The 50-year-old became president of the Association of Chief Police Officers after seven years in charge of the fledgling Police Service of Northern Ireland (PSNI).
He took charge of the PSNI in a period of unprecedented change for law enforcement in the region, as policing was fundamentally restructured under the terms of the Good Friday Peace Agreement.
The senior officer has been credited with navigating the organisation through a difficult phase, but leaves in the wake of a murder of an officer and two British soldiers by dissident republicans.
Three people have been charged in connection with the killing of Stephen Carroll (48) in Craigavon and one with the murders of Sappers Mark Quinsey (23) and Patrick Azimkar (21) outside an Army barracks in Antrim.
Sir Hugh’s tenure was also marked by a failure to solve several high-profile crimes, including the Omagh bombing, the £26m Northern Bank robbery and the murder of Belfast man Robert McCartney.
His personal life was not without controversy either, as revelations about an extra-marital affair with Denise Weston, an officer he knew from his days at the Met, caused him deep embarrassment.
He was appointed Chief Constable in 2002 and from the outset earned a reputation as a straight talker who never shied away from contentious issues.
Former assistant chief constable Peter Sheridan remembers him as a man not afraid to fight his corner.
“If he believed in something he would have fought on that basis,” he said.
“He had to walk that aisle between a cop with a good operational sense and also one who had the ability to deal with the politics.

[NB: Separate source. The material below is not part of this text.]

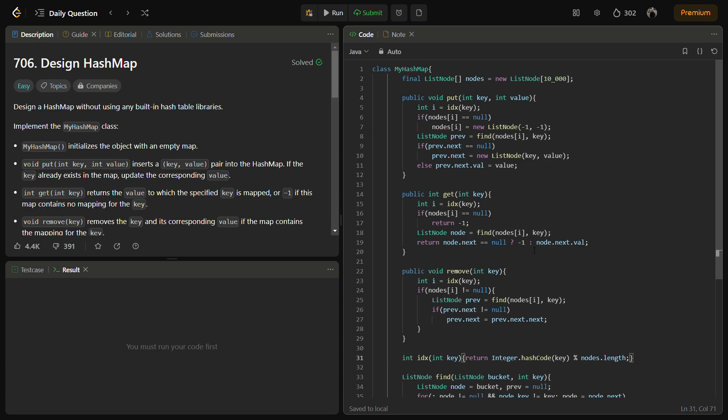The next function will be get. The get method calculates the index using idx and searches for the key in the linked list at the index. If found, it returns the corresponding value, otherwise it returns minus one.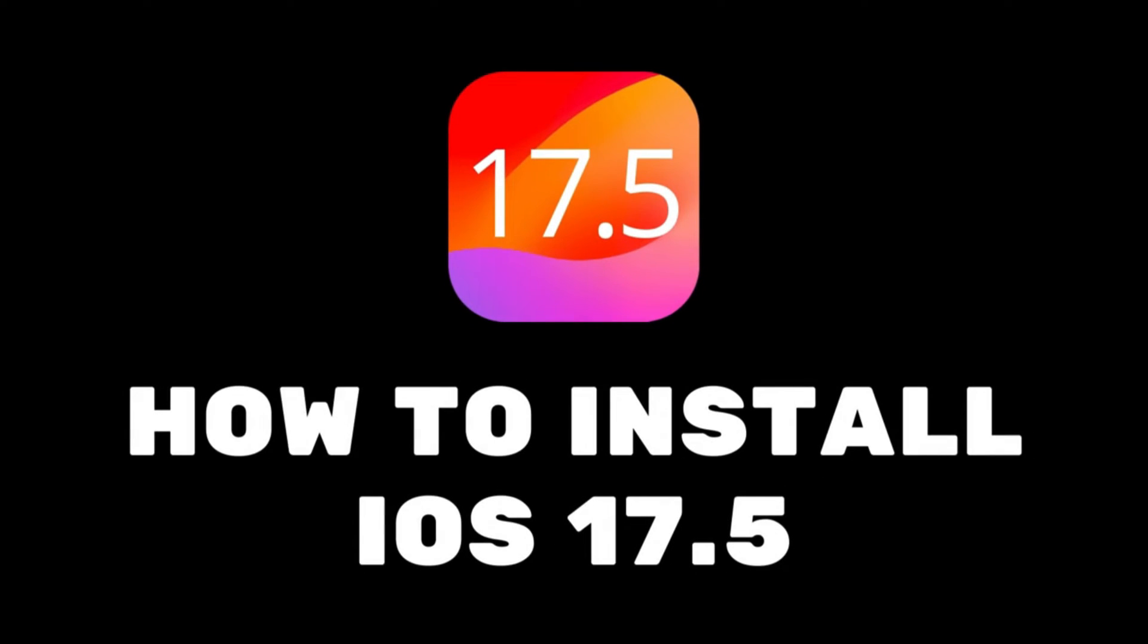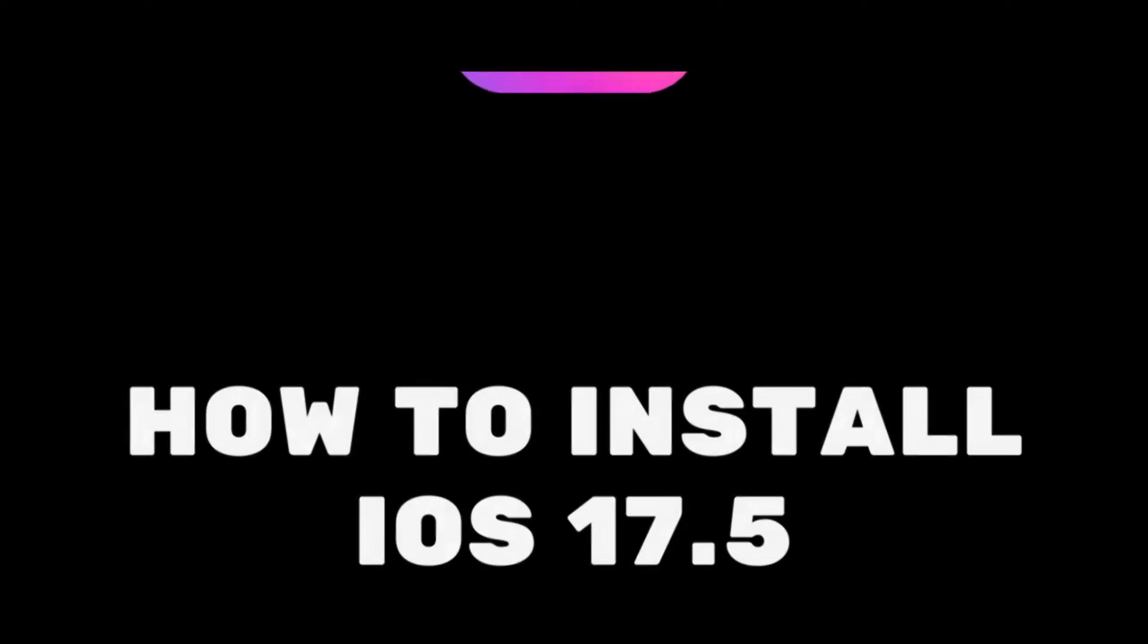Hey everyone, and welcome back to my channel. Today we're diving into the brand new iOS 17.5 update for iPhone.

He walked that aisle and that’s a difficult aisle to walk in Northern Ireland.”
Originally from Haslemere in Surrey, he joined the Met in 1977 and rapidly rose through the ranks with spells in Brixton, Greenwich and Hounslow.
A keen historian, he went to Northern Ireland with experience of the patch, having led a 1999 Met inquiry into claims of RUC collusion with loyalist paramilitaries.
Sir Hugh, an avid Bruce Springsteen fan, was a regular at concerts and charity functions in Belfast, gaining a reputation for his dry wit and self-deprecating anecdotes.